If President Biden had withdrawn from the race earlier in the year, primary voters could have selected the party’s nominee. Was Vice President Harris reluctant to compete in an open primary, knowing that she would likely be named the nominee by party bosses if the issue was deferred until the summer? These are fair questions to ask, especially by a newspaper declaring that “democracy dies in darkness.”
If Donald Trump is elected to a second term, there is no doubt that the media will hold him accountable on a daily basis. The same cannot be said if Kamala Harris wins the election. A well-functioning and unbiased news media is critical for the long term health of any democratic society, especially one with a severe trust deficit.
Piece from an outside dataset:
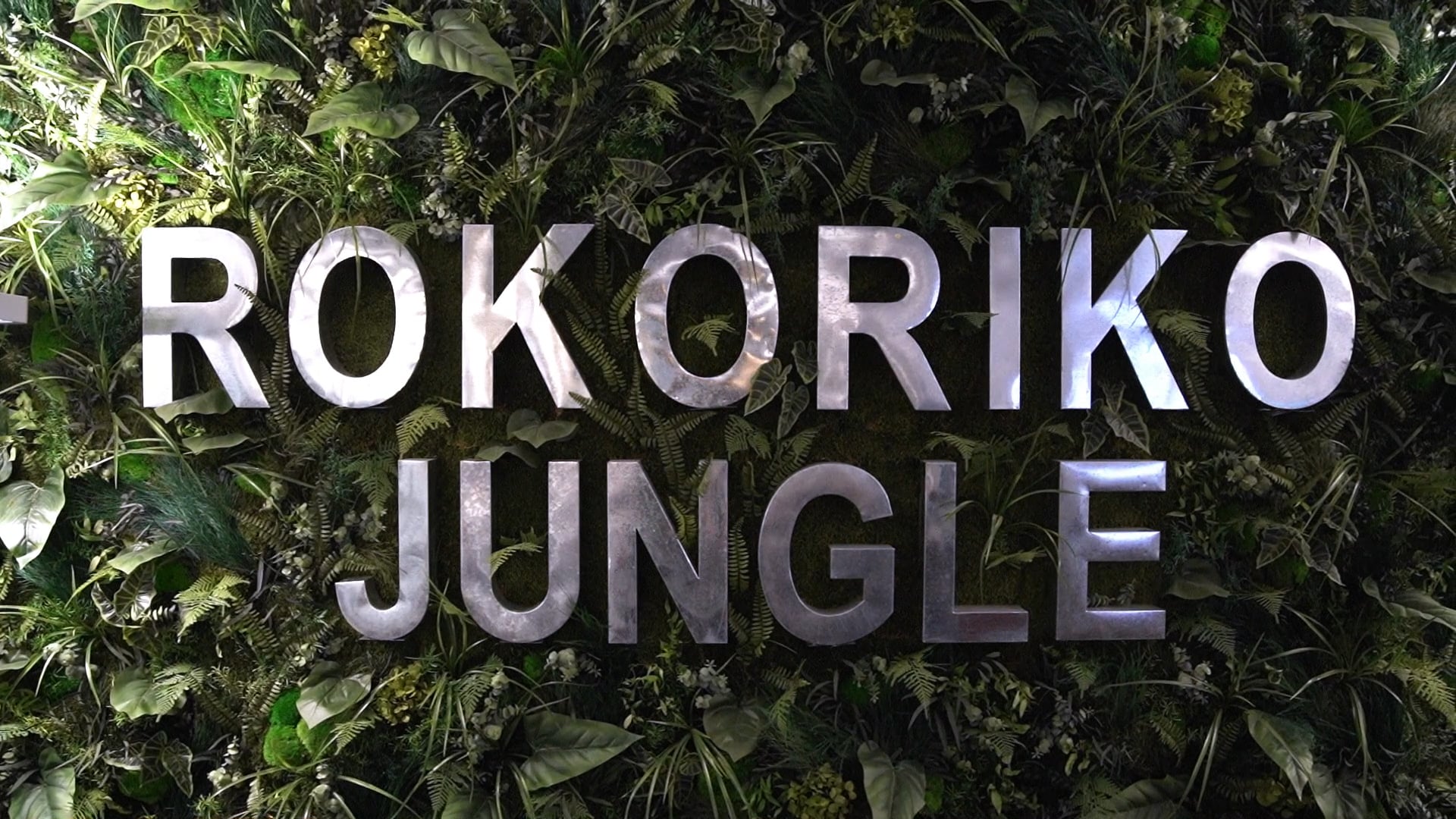 DSTNY cybersecurité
If Mr. Bezos is serious about restoring credibility, he should insist on unbiased coverage in the Post’s newsroom regardless of who wins the election next week.
Articles
Ruminating on Asset Allocation by Howard Marks, October 22, 2024. “My recommendation at this time is that investors do the research required to increase their allocation to credit, establish a ‘program’ for doing so, and take a partial step to implement it. While today’s potential returns are attractive in the absolute, higher returns were available on credit a year or two ago, and we could see them again if markets come to be less ruled by optimism. I believe there will be such a time.” (Oaktree Capital)
A Small Bank’s Failure Leaves Big Depositors Feeling the Pain by Jonathan Weil, October 22, 2024. After the FDIC provided unlimited deposit insurance for the failures of Signature and Silicon Valley Banks in early 2022, observers questioned whether this policy will apply universally. Apparently not, at least not for small, less politically connected institutions. The risk of moral hazard is obvious. (WSJ)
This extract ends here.